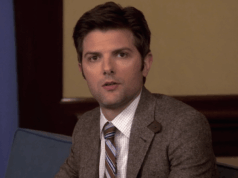 Adam Scott diz que ‘parques e recreação’ na era Trump seriam ‘um pouco diferentes’: a América ‘pode ter perdido o que restou de sua inocência’ Adam Scott diz que 'parques e recreação' na era Trump seriam 'um pouco diferentes': a América 'pode ter perdido o que restou de sua inocência'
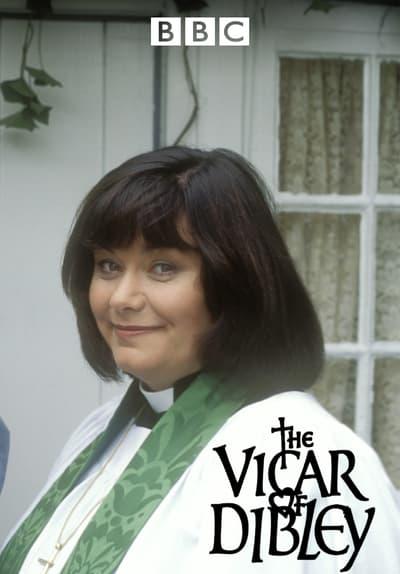 Series poster for The Vicar of Dibley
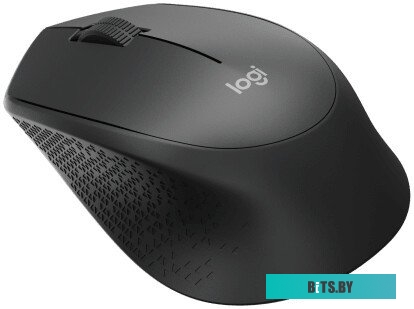 Мышь Logitech M330 Silent Plus (черный) 910-004909 910-004924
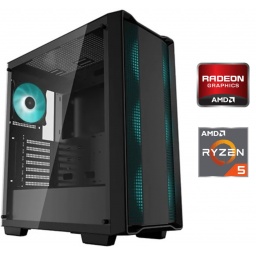 Equipo Gamer Ryzen 5 4500, 16GB, 480GB, RX 580 8GB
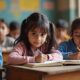 Declining school enrollment in India, especially in rural areas, highlights educational challenges.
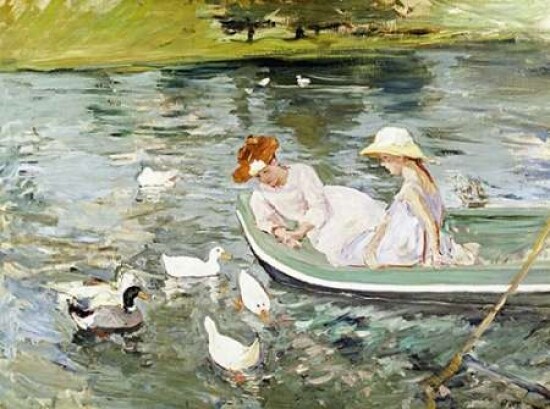 Summertime Poster Print by  Mary Cassatt - Item # VARPDX277001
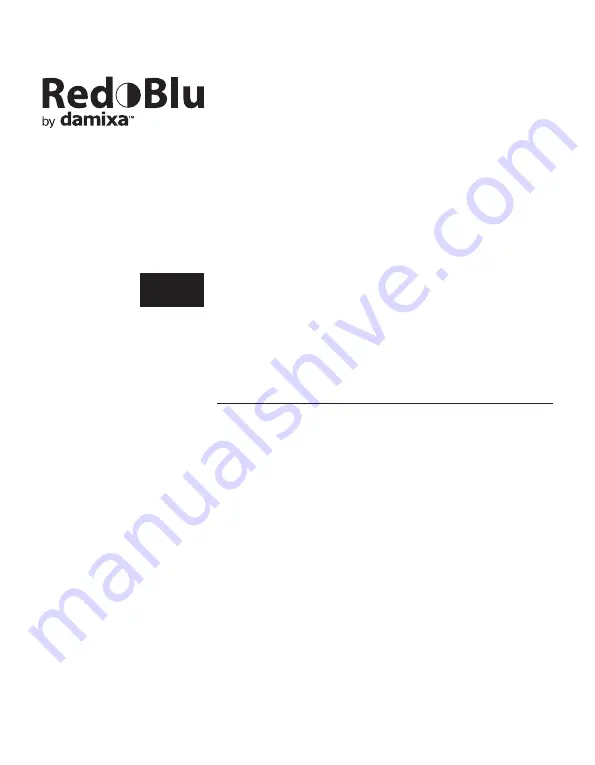 damixa RedBlu Palace Bit 310210000 Installation Instructions Manual Download Page 7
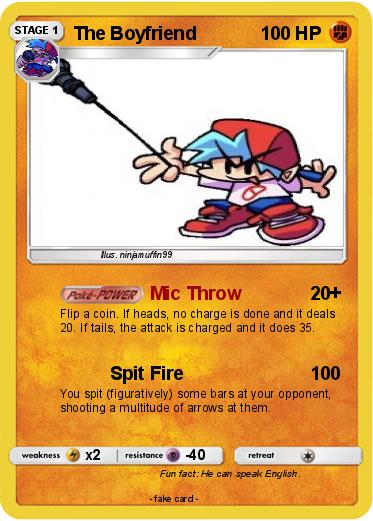 Pokemon The Boyfriend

* **EXERCISE**: Your reply should hold every line of the material, unaltered, and not one picture.

* **SOLVED PROBLEM**:
 Adam Scott diz que ‘parques e recreação’ na era Trump seriam ‘um pouco diferentes’: a América ‘pode ter perdido o que restou de sua inocência’ Adam Scott diz que 'parques e recreação' na era Trump seriam 'um pouco diferentes': a América 'pode ter perdido o que restou de sua inocência'
 Series poster for The Vicar of Dibley
 Мышь Logitech M330 Silent Plus (черный) 910-004909 910-004924
 Equipo Gamer Ryzen 5 4500, 16GB, 480GB, RX 580 8GB
 Declining school enrollment in India, especially in rural areas, highlights educational challenges.
 Summertime Poster Print by  Mary Cassatt - Item # VARPDX277001
 damixa RedBlu Palace Bit 310210000 Installation Instructions Manual Download Page 7
 Pokemon The Boyfriend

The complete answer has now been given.